_BRIEF_
Copy the data exactly from the line that contains "2433 W 238th" through the line that contains "bureau avec pièce", keeping both end lines and leaving out everything else.

_MATERIAL PROVIDED_
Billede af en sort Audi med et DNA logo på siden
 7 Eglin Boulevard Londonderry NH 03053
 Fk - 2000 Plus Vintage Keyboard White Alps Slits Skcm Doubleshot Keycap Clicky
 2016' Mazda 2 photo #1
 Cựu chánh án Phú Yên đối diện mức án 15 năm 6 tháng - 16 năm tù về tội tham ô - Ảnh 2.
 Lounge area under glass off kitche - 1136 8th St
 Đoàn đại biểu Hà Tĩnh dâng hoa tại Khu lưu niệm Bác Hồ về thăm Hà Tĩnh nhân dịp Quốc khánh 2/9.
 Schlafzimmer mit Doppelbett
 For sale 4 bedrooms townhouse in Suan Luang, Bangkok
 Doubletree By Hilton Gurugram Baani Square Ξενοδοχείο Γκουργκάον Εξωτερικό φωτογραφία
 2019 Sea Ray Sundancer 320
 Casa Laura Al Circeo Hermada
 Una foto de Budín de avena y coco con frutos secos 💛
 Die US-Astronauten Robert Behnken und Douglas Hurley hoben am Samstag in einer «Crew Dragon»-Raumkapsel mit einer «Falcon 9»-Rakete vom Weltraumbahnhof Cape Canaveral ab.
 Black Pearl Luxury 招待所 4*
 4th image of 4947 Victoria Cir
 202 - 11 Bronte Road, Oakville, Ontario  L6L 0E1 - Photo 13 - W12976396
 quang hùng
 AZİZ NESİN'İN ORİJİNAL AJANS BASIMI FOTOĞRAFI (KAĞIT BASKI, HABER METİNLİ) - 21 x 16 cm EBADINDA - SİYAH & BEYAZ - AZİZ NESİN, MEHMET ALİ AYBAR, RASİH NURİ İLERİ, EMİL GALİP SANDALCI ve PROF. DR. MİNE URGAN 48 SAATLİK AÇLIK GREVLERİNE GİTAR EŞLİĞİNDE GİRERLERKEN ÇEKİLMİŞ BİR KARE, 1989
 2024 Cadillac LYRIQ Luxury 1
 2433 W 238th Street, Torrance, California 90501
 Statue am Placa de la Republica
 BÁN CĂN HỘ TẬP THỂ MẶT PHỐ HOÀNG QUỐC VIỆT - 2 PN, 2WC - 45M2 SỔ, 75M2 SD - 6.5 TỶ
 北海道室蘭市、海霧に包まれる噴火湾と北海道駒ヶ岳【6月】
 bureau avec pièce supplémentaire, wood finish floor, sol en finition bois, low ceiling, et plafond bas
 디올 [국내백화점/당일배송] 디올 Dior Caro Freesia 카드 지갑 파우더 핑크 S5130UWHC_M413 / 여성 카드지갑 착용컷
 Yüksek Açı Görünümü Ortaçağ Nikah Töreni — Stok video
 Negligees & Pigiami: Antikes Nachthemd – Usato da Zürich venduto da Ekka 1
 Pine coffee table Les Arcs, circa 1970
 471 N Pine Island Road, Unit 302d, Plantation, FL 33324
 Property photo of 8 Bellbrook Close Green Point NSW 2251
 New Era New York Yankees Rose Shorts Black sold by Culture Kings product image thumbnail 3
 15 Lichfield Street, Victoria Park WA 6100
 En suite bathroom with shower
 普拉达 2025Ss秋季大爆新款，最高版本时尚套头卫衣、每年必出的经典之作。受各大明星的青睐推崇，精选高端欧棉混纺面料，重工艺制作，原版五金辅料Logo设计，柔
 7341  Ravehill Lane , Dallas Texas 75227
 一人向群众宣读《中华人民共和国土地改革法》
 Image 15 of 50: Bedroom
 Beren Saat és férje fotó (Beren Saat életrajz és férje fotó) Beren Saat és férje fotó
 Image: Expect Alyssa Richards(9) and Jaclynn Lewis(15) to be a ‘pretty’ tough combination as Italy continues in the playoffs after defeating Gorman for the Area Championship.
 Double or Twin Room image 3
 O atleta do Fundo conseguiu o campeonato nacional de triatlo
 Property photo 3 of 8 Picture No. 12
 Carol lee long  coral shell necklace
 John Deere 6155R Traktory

_SOLUTION FOR THIS PROBLEM_
 2433 W 238th Street, Torrance, California 90501
 Statue am Placa de la Republica
 BÁN CĂN HỘ TẬP THỂ MẶT PHỐ HOÀNG QUỐC VIỆT - 2 PN, 2WC - 45M2 SỔ, 75M2 SD - 6.5 TỶ
 北海道室蘭市、海霧に包まれる噴火湾と北海道駒ヶ岳【6月】
 bureau avec pièce supplémentaire, wood finish floor, sol en finition bois, low ceiling, et plafond bas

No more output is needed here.